The second is that while Libs may feel they need the National Party, the reverse is true to a far greater extent. Without their coalition partner, the Nats are an irrelevant rural rump. Their chance of winning Senate seats on their own is lower than the Greens. I believe Turnbull could face down the old National Party guard and win.

An election in 2010 between a greenish Liberal Party and a greenish Labor Party could be a close run. Turnbull might just win. At the very least, he could give Australian voters a real choice between relatively sane options.

Indeed, capital G Greens might be able to take a break from largely unpaid activism and concentrate more on their own lives.

Ah well, we can but hope…

9 comments:

Anonymous said...

and will Turnbull make Workchoices "green" too?

Anonymous said...

The only 'green' Turnbull likes is the folding type that fits in wallets.

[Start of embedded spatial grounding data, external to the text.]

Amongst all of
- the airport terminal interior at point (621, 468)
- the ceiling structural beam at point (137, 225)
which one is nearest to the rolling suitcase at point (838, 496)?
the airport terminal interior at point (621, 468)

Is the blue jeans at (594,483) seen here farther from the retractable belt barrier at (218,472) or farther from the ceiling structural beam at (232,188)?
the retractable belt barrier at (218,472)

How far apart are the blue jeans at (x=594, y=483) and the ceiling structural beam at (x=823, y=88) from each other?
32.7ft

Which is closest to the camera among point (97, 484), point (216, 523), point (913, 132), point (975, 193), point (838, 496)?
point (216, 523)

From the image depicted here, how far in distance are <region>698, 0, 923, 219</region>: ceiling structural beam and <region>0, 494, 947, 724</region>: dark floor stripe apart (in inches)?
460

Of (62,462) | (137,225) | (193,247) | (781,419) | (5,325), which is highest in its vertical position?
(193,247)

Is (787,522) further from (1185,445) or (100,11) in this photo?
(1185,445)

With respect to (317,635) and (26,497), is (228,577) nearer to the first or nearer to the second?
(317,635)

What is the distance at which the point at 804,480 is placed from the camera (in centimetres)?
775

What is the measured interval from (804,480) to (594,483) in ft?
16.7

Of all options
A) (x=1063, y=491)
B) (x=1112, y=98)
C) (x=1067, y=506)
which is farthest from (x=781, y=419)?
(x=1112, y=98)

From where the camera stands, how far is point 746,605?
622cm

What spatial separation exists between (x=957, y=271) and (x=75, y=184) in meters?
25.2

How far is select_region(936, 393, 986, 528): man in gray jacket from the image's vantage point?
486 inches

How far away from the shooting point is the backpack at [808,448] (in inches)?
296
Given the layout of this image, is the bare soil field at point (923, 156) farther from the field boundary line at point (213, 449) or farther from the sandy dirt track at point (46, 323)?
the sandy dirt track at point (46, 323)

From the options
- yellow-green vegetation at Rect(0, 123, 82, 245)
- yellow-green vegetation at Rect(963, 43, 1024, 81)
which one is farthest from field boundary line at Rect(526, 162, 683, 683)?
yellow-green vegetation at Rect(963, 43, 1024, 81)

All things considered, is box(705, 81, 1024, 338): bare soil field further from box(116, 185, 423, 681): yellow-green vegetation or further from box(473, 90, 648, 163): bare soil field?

He certainly didn't become a millionaire through his belief in brotherly love and fairness for all and least of all through his concern for the environment.

Sid Walker said...

The comments by anons are the kind of comments I'd expect. They have some weight. But I think I'd rather take the analysis of Tim Flannery - or long-term activist Tom McLoughlin - over these rather predictable sneers that for all I know could be posted by Mrs Rudd. (Checked her bank balance recently, BTW?)

Seriously, I'm no Liberal Party fan. I've not met Turnbull and I also think Tim Flannery is more than capable of getting things wrong.

But anonymous sneers about Turnbull's wealth and Workchoices don't cut much ice - not when they are so obviously party-political in inspiration. Even Attila the Hun wouldn't run on Workchoices in 2010. That issue has been resolved.

A far more important matter at this time, IMO, is how we save what's left of the planetary environment and develop a environmentally sustainable economy. Resolving that will literally determine humanity's chance of a decent future.

A real competition over environmental policy will be an important part of turning around Australia's embarrassingly unsustainable economy.

In that context, if someone can propose a better option to Turnbull leading the Libs, please do.

Personally, I don't think an ALP 'One Party State' is the answer - but I hope I'm wrong about that, because we're coming perilously close to having one, de facto if not de jure.

Anonymous said...

Malcolm Turnbull is also a Republican and I think we should all be aware to his leanings in this reguard should he make the next Prime Minister or should that be President!

Anonymous said...

Malcolm Turnbull as President of Australia? VOMIT!

Anonymous said...

Turnbull is a far better choice than Abbott or Nelson. Nelson cant keep his foot out of his mouth...well nor can Nelson either !!

Anonymous said...

Ummm, I know that about Nelson...he who shot off his mouth about the Iraq war being about "safeguarding the oil" and that is why I think he would make the better Liberal leader!

Anonymous said...

Subject: Fw: Trevor the farmer









Trevor the farmer was in the fertilised egg
business. He had several hundred young layers
(hens), called 'pullets' and eight or ten roosters
whose job was to fertilise the eggs. The farmer kept
records and any rooster that didn't perform went
into the soup pot and was replaced.



That took an awful lot of his time so he bought a set of tiny
bells and attached them to his roosters. Each bell
had a different tone so Trevor could tell from a
distance, which rooster was performing. Now he could
sit on the porch and fill out an efficiency report
simply by listening to the bells.



The farmer's favourite rooster was old Gordon, and a very fine
specimen he was too. But on this particular morning
Trevor noticed old Gordon's bell hadn't rung at all!
Trevor went to investigate.The other roosters were
chasing pullets, bells-a-ringing. The pullets,
hearing the roosters coming, would run for cover.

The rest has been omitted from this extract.